損失関数をいい感じにいじってより学習に易しい損失関数を作る.
損失関数に基づく機械学習というのは次のようなものである.
真のデータ分布 \(D\) の上で観測される \((X,Y)\) の分布について \(L\) の期待値 \[L_D(w) := \mathbb E \left[ \ell(w,x,y) \right]\] を最小化するような \(w\) を探索することを学習と呼ぶ.
さて真のデータ分布 \(D\) は分からないので実際にはサンプリング \[S = \{ (x_i, y_i) \}_{i=1,\ldots,N}\] の上で推定した \[L_S(w) := \frac{1}{N} \sum_S \ell(w,x,y)\] を変わりの近似値として使う.
ここで最急降下法によって最適な \(w\) を得る場合には勾配が重要になる. 特に最適解付近では勾配が緩やかな方が良いとされている. SAM は損失関数自体を少しいじることで, そんな良い勾配を持った関数にすることを目指す.
任意の正数 \(\rho > 0\) に対して, ある狭義単調増加関数 \(h \colon \mathbb R_+ \to \mathbb R_+\) によって次が成り立つ (with highly probability): \[L_D(w) \leq \max_{\|\epsilon\|_2 \leq \rho} L_S(w + \epsilon) + h(\|w\|_2^2 / \rho^2).\]
Theorem 1 の右辺の \(L_D\) に対する上限を参考に, 損失関数とする. \[L_S^{\mathrm{SAM}}(w) := \max_{\| \epsilon \| \leq \rho} L(w + \epsilon) + \lambda \|w\|_2^2\]

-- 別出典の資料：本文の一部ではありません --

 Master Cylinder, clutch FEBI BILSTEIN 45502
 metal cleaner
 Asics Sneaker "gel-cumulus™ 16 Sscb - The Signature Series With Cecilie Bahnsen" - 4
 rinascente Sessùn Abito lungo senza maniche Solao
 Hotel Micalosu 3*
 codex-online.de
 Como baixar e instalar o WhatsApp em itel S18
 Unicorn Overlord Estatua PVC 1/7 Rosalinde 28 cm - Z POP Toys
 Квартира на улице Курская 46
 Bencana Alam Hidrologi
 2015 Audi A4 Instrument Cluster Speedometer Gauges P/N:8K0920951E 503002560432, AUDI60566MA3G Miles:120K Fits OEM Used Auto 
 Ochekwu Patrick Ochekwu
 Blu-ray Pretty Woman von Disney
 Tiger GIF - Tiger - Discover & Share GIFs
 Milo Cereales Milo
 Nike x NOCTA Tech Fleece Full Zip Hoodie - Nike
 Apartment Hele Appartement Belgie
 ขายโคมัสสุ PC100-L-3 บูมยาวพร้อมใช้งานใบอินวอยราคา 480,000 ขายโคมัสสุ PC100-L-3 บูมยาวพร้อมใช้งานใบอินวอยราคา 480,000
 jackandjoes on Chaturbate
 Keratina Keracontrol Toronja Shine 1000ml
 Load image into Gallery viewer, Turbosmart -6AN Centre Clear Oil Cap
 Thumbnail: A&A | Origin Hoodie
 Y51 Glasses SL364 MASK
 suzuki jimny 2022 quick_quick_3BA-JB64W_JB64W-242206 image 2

さてこの max を効率的に近似的に計算する. \(L(w + \epsilon)\) を \(\epsilon \sim 0\) の周辺で一次までテイラー展開して \[L(w) + \epsilon^\top \nabla_w L(w) + \lambda \|w\|_2^2\] を代わりに考えることにすると, \(\epsilon\) に関わる \[\max_\epsilon ~~ \epsilon^\top \nabla_w L(w)\] だけすればいいことになる.
で、謎の理屈を使うと, 次の値を \(\epsilon\) として使えば良い.
\[\hat{\epsilon} = \rho ~ \mathrm{sign}(\nabla_w L_S(w)) \frac{ \left| \nabla_w L_S(w) \right| }{ \sqrt{ \| \nabla_w L_S(w) \|_2^2 } }\]
ここで分子にある \(\left| a \right|\) は要素ごとに絶対値をとったもの.